Poor Your Soul was named a Kirkus Best Book of 2016 and was reviewed by the Boston Globe, Booklist, Publishers Weekly, Ms. Magazine, Michigan Quarterly Review, the Harvard Review, and others—so I asked why she was surprised I’d found it. She mentioned that sales were low and that “few people had heard of it, hardly any so-called feminist magazines—like Marie Claire, Cosmo, Elle, etc., or feminist reproductive groups such as Lady Parts Justice League, or even just feminist influencers—had anything to do with the book.” These places hadn’t answered her or her publicist’s pitches about Poor Your Soul. “[It]…didn’t prompt the discussion I had hoped it would among people in general. Mostly, I heard back from literary groups in praise of my writing and from women who had lost babies. That was it.” 
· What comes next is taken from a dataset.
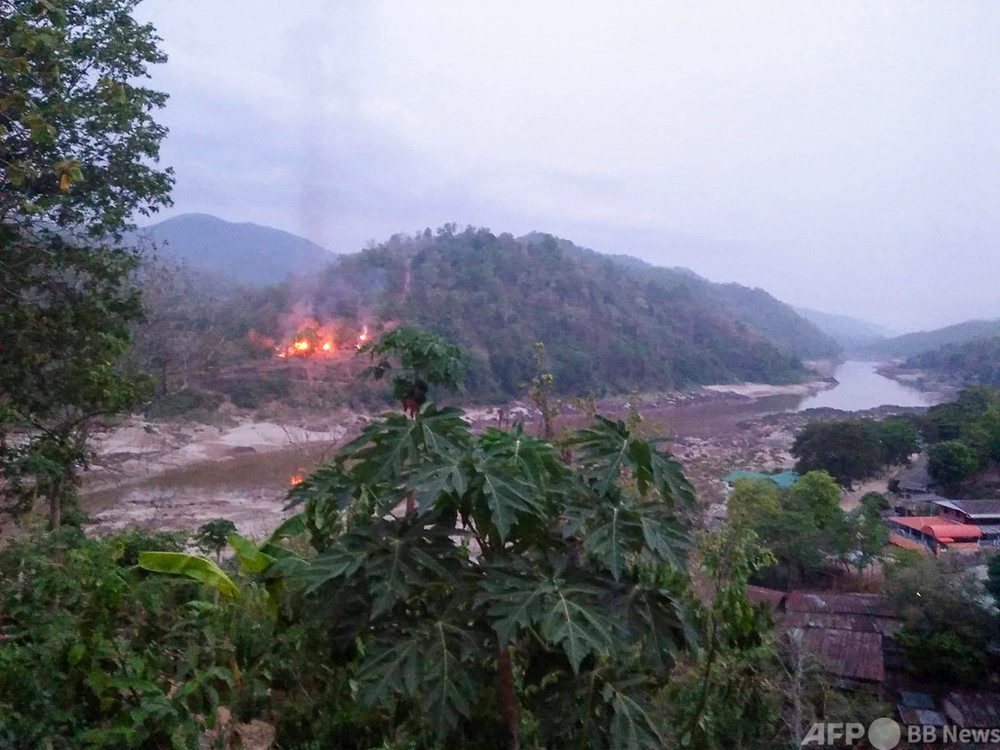 ミャンマー、カレン反政府勢力が国軍基地奪取 東部タイ国境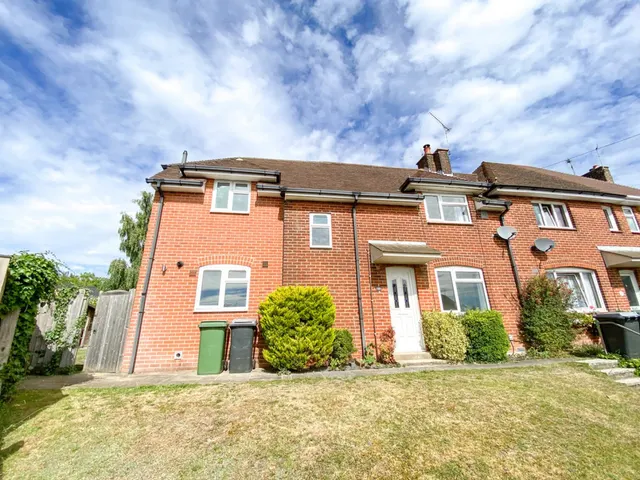 Portal Road *, Winchester, Hampshire, photo 1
In the text, after the abortion, Ptacin is afraid to have sex again, and relays advice from her mother. Her mom states “Losing a baby is very traumatic, but you will sanctify your body again…will feel better about your body, connect body with soul.” 
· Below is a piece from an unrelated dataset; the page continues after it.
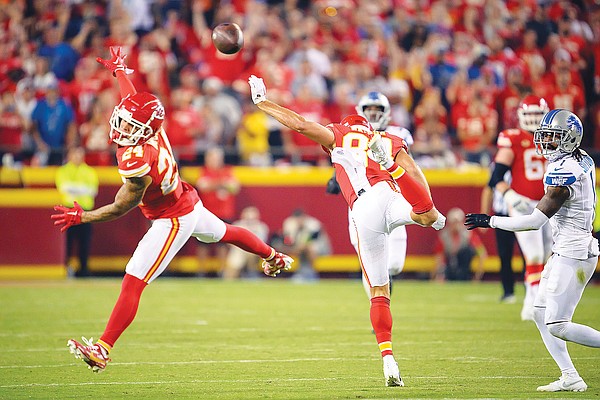 Chiefs to wear red-on-red uniforms vs. Colts on Sunday night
Even though I terminated my pregnancy at six weeks—nowhere near as far along as Ptacin’s pregnancy—it felt like Mira’s mom was giving me advice too. My own mother was wonderful when I told her I was pregnant, but the experience was the most earth-shaking of my life, so I sought out advice from anyone who’d experienced pregnancy, particularly mothers. Nothing in my life felt the same the moment that second line on the stick turned blue. That summer, I had the chance to be a mother and had not taken it. It felt like I had played God. I doubted my choice even as I felt assured in it. I felt like it was the only sensible thing to do at the time, and I was grateful to have had access to a safe and legal procedure, but I wondered constantly about what could have been. And I felt alienated from my body, which I felt had betrayed me by getting pregnant.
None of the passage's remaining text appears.